= DATA PROVIDED =
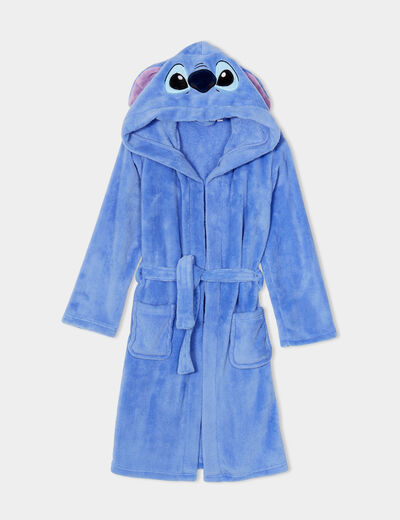 Peignoir effet polaire à capuche Stitch bleu fille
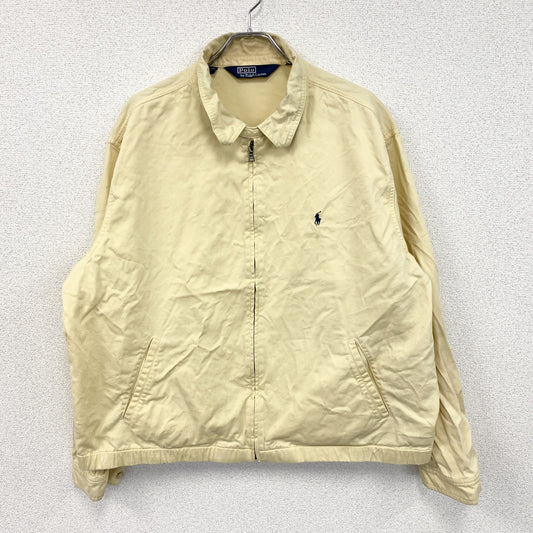 Polo Ralph Lauren　ポロラルフローレン　ブルゾン/スイングトップ　刺繍ロゴ　イエロー　2XLサイズ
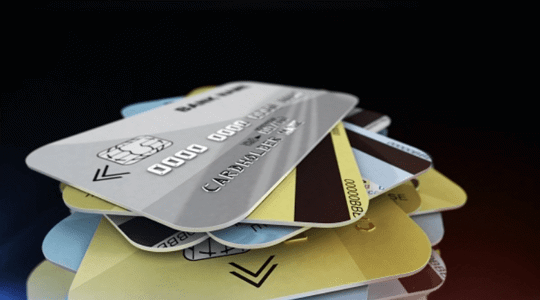 Stack of credit cards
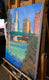 Original art for sale at UGallery.com | Chicago from the River, Midday by Suren Nersisyan | $1,200 | oil painting | 30' h x 24' w | thumbnail 2
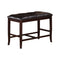 Accent and Storage Benches Rubber Wood High Bench with Tufted Upholstery Brown Benzara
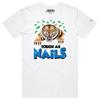 VOICEART Tiger with Sharp Nails Funny Animals T-Shirt with Premium Graphic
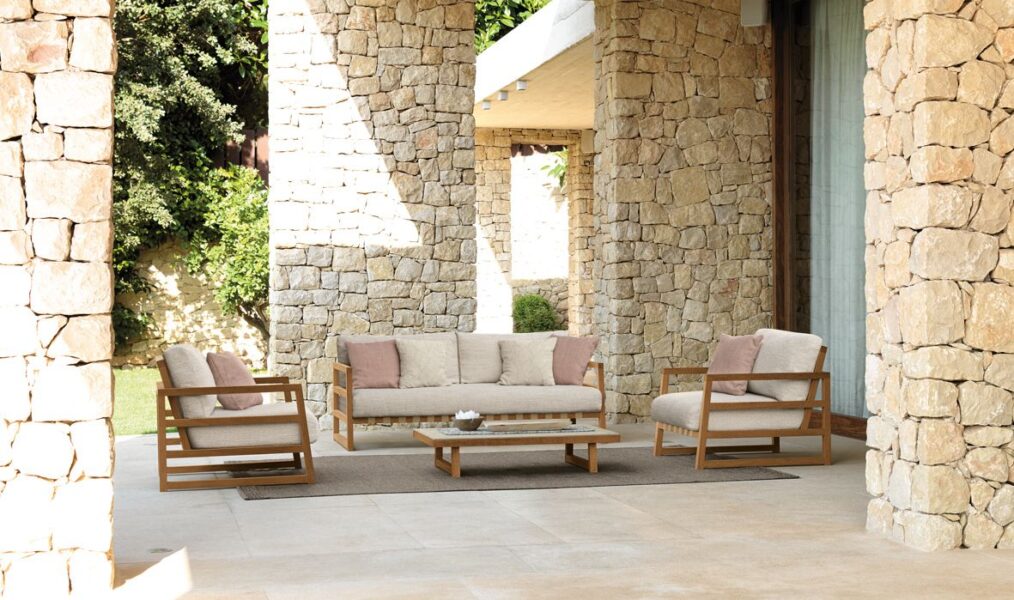 Alabama Wood divano 2 posti da esterno Talenti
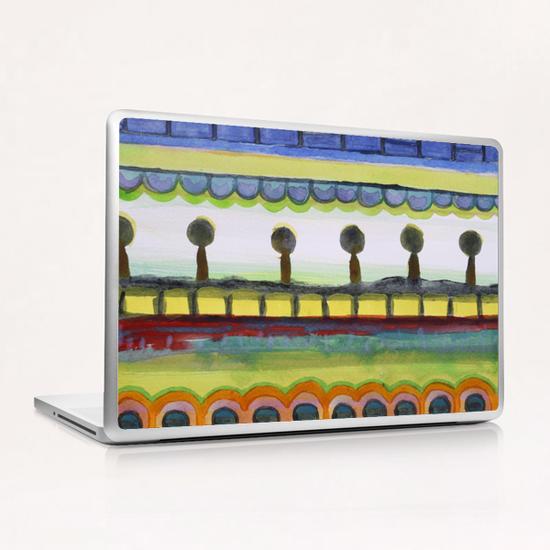 The Seaside Promenade  Laptop & iPad Skin by Heidi Capitaine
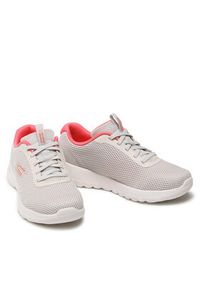 skechers - Skechers Sneakersy Go Walk Joy 124707/OFPK Szary. Kolor: szary. Materiał: materiał #5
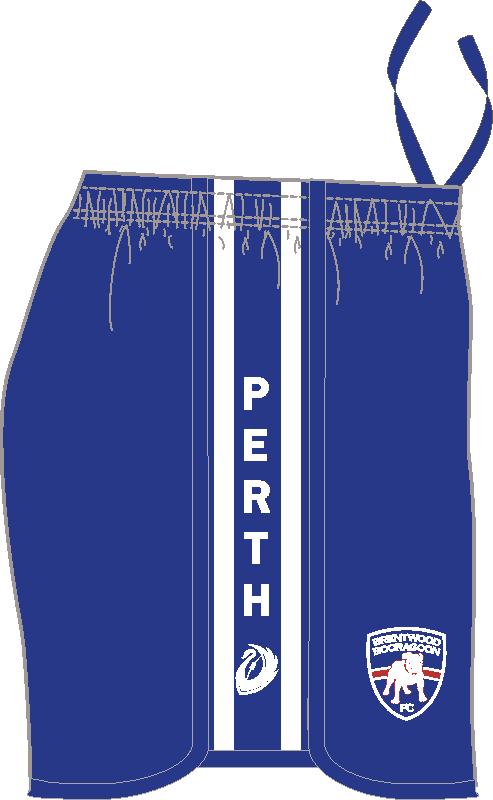 PFL25 Brentwood Booragoon FC | BA Womens Shorts Home - Image 3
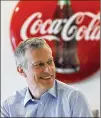  ?? BOB ANDRES / ATLANTA JOURNALCON­STITUTION/TNS ?? James Quincey, the new CEO of Coke, says, “There’s an accelerati­on we’d like to see.”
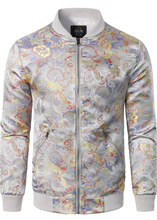 Load image into Gallery viewer, Noble Men's Luxury Paisley Floral Bomber Jacket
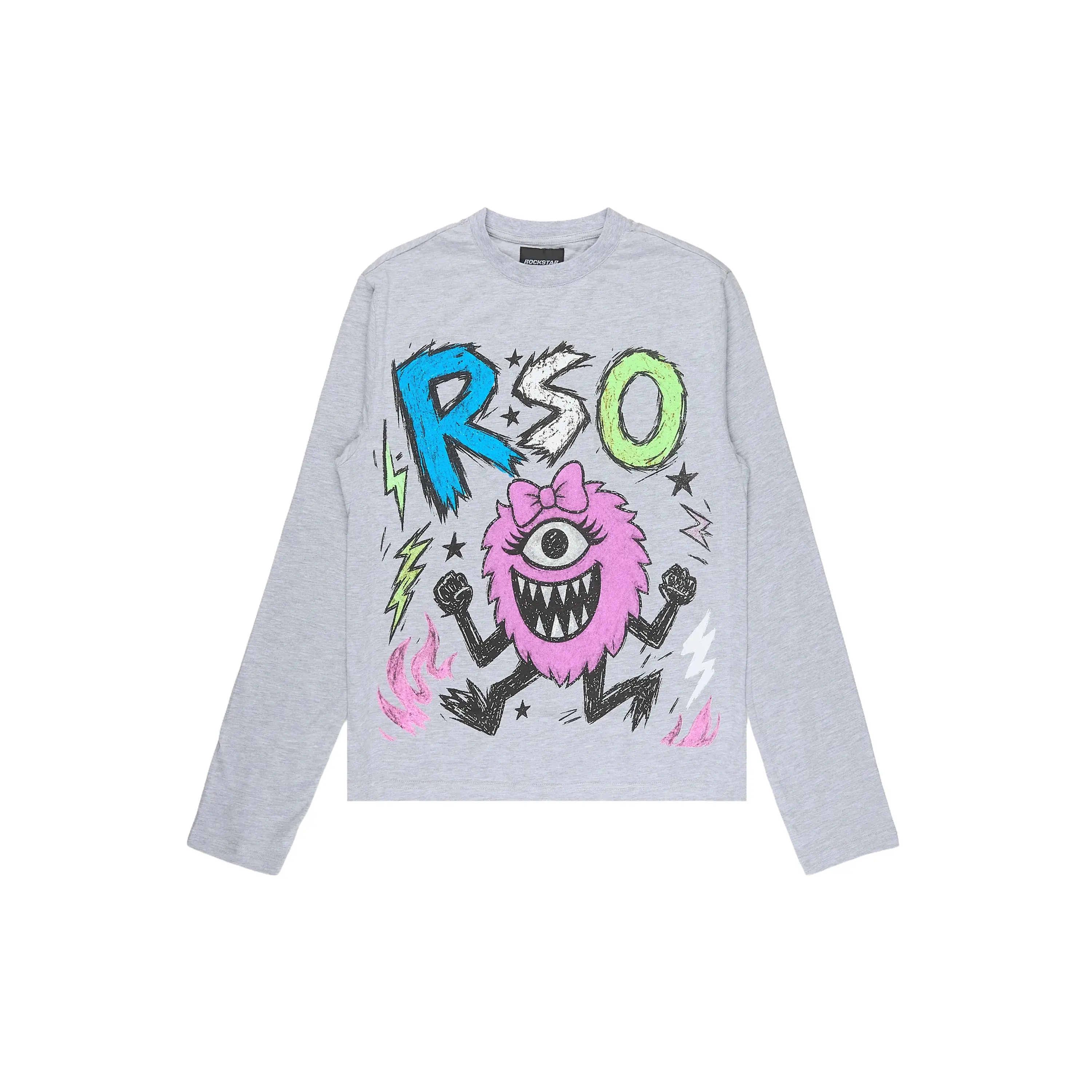 Girls Zesta Heather Grey Long Sleeve T-Shirt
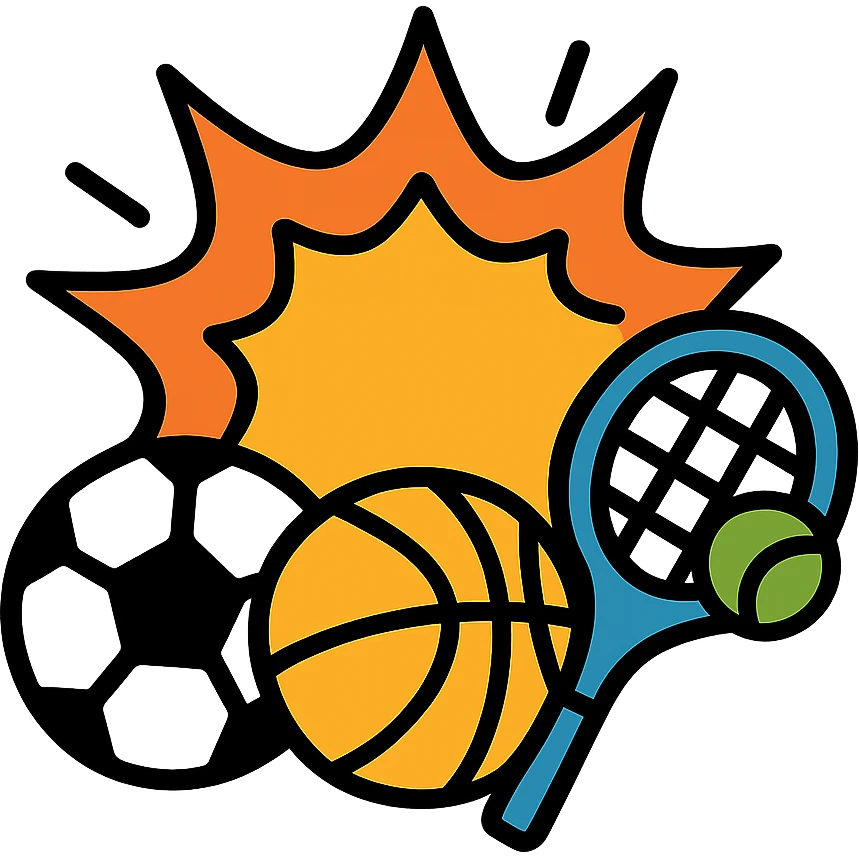 Sports popularity explosion with diverse athletic activities emoji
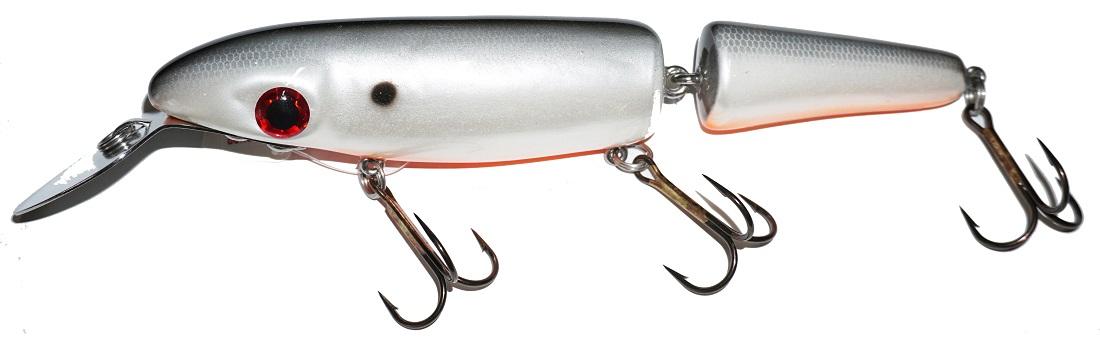 Big Fork Reef Digger Crankbait Jointed Fishing Lure - Saltwater Bass Fishing Bait for Offshore & Inshore Angling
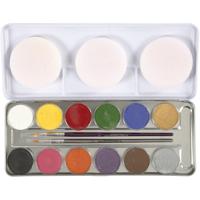 Eulenspiegel Schmink, diverse kleuren, 12 kleur/ 1 set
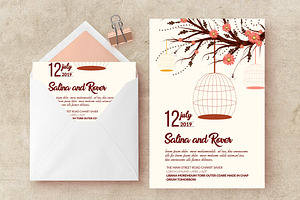 Save the Date Card invite Template, an Invitation Template by Design Up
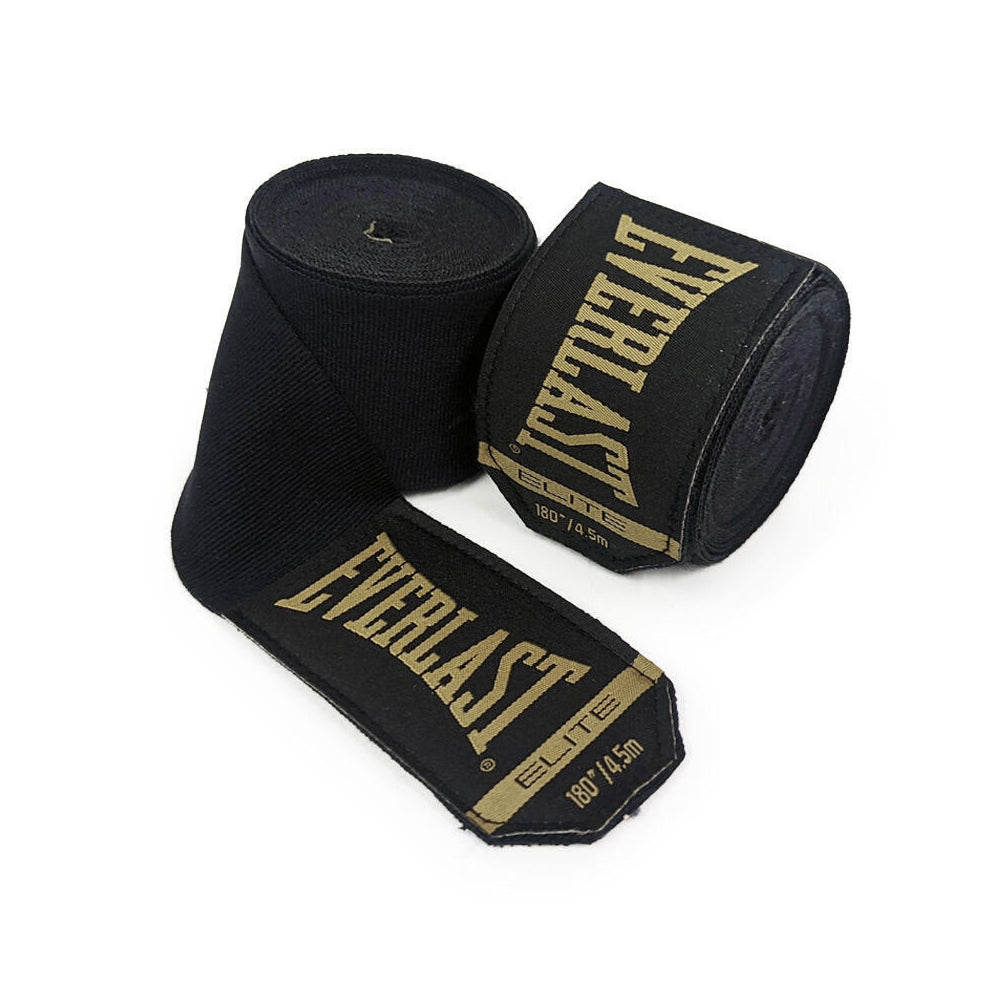 Elite Hand Wraps Black 180in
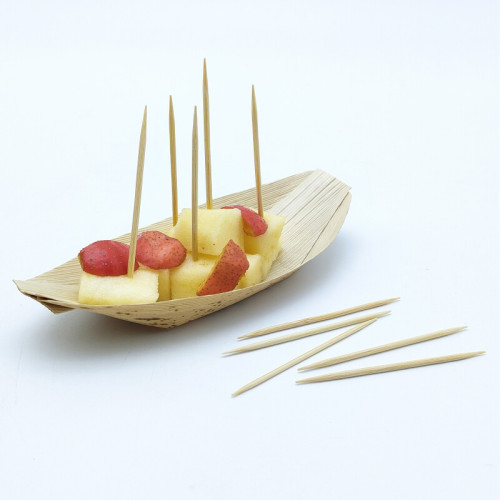 Einfach spitze oder doppelt spitze Bambus Zahnstocher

= WORK ORDER =
In the entries above, find the line with "VOICEART Tiger with" and the line with "Sports popularity explosion". Write out exactly those two lines and every line between them, pictures excluded.

= EXERCISE RESULT =
 VOICEART Tiger with Sharp Nails Funny Animals T-Shirt with Premium Graphic
 Alabama Wood divano 2 posti da esterno Talenti
 The Seaside Promenade  Laptop & iPad Skin by Heidi Capitaine
 skechers - Skechers Sneakersy Go Walk Joy 124707/OFPK Szary. Kolor: szary. Materiał: materiał #5
 PFL25 Brentwood Booragoon FC | BA Womens Shorts Home - Image 3
  ?? BOB ANDRES / ATLANTA JOURNALCON­STITUTION/TNS ?? James Quincey, the new CEO of Coke, says, “There’s an accelerati­on we’d like to see.”
 Load image into Gallery viewer, Noble Men's Luxury Paisley Floral Bomber Jacket
 Girls Zesta Heather Grey Long Sleeve T-Shirt
 Sports popularity explosion with diverse athletic activities emoji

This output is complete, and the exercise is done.